Il primo a tornare suoi suoi passi è stato Angelino Alfano, poi sono arirvati Ignazio La Russa e Gianfranco Miccichè, infine è stato il turno di Renato Schifani. Avevano promesso sfracelli, ed ora si sono ritrovati allineati e coperti come un sol uomo. Anche la decisione di Ignazio La Russa di lasciare il Pdl per presentare una sua lista, Centrodestra nazionale, di affiancamento, sta dentro la strategia di Silvio Berlusconi, che l’aveva illustrata e sostenuta trovando resistenze e dissenso. Una separazione consensuale e concordata nei minimi dettagli. Ignazio resta uno dei colonnelli del Cav, cui è stato affidato di combattere il nemico fuori le mura.
Torniamo a Angelino Alfano. Aveva una sua idea di partito – elezione dei dirigenti, organismi democratici, radicamento nel territorio, primarie ecc – ed un proposito ben preciso: dare vita ad un grande partito popolare ad immagine somiglianza del Ppe.

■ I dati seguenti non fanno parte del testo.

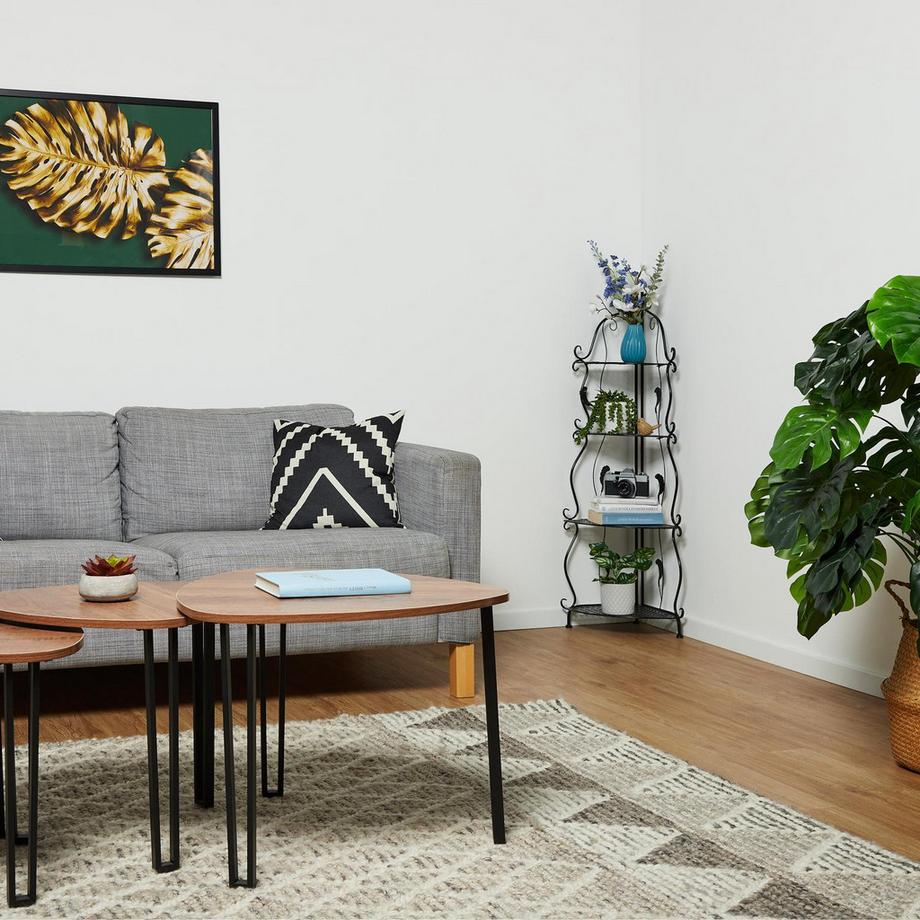 Northix  Metall-Eckregal mit 4 Böden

Da delfino a leader, sembrava fatta. Con le primarie alle porte e il rassemblement popolare possibile, è crollato tutto. Avesse assunto le redini del Pdl e “pensionato” il Cav, l’area dei moderati sarebbe diventata un’opzione concreta. E’ prevalso il Cavaliere a tutto campo con l’invito a Mario Monti di guidare la coalizione dei moderati, la cui sorte era segnata, mentre ad Alfano è toccato di trasformarsi in killer di Mario Monti pronunciando alla Camera la requisitoria contro il presidente del Consiglio e il suo governo e l’uscita dalla maggioranza che ha provocato le dimissioni del Professore e il conseguente scioglimento delle Camere.
“Mai più con Berlusconi”, aveva detto a squarciagola Gianfranco Micciché quando il gruppo dirigente del Pdl siciliano lo ha “evirato”, sconfessando il Cavaliere. Era il candidato del centrodestra alla Presidenza della Regione con una investitura di Berlusconi. Mai avrebbe immaginato che Castiglione, Cascio, ed altri si mettessero di traverso fino a far cambiare idea al Cavaliere. Ma è andata così, e Miccichè ha sospettato che il suo mentore l’avesse tradito o che, comunque, avesse difeso la scelta tiepidamente. Da qui l’anatema, quel “mai più con Berlusconi”. Tutto dimenticato? Di necessità virtù?
Pare proprio di sì. Del resto qual è l’alternativa?
L’ultimo componente del quartetto, il Presidente del Senato, Renato Schifani, si è esibito in una difesa d’ufficio del cavaliere e in una critica a Mario Monti, apprezzato ed a volte osannato. Era apparso il più critico nei confronti del partito e, di fatto, di Silvio Berlusconi, aveva incoraggiato l’anelito all’autonomia del suo sodale, Angelino Alfano, rimproverando una fase acuta di smarrimento al gruppo dirigente, definito la linea del Cav “grillismo d’imitazione” ed annunciato un manifesto per la terza repubblica di stampo montiano. Poi anche per lui è suonata l’ora della ritirata.
Ai giornalisti in Afghanistan, ha detto che il Professore si è comportato malamente, ha fatto malissimo a trasformare la sua conferenza stampa di fine d’anno in una confronto politico. Le sue critiche verso Berlusconi sono ingenerose. Quanto istituzionale sia la scelta del presidente del Senato, seconda carica dello Stato, di prendere parte alla disputa fra Monti e Berlusconi, è tutto da scoprire. Come si fa a pretendere che il Capo del governo non difenda la sua azione politica dopo avere subito un feroce attacco a Montecitorio da parte del segretario del Pdl, causa delle sue dimissioni?
Tutto questo è però secondario. I componenti del quartetto siciliano che avevano preso strade diverse hanno scelto di suonare agli ordini del Cavaliere. Avrebbero potuto esibirsi “altrove”? Che cosa sarebbe Apicella senza la voce familiare di Silvio Berlusconi?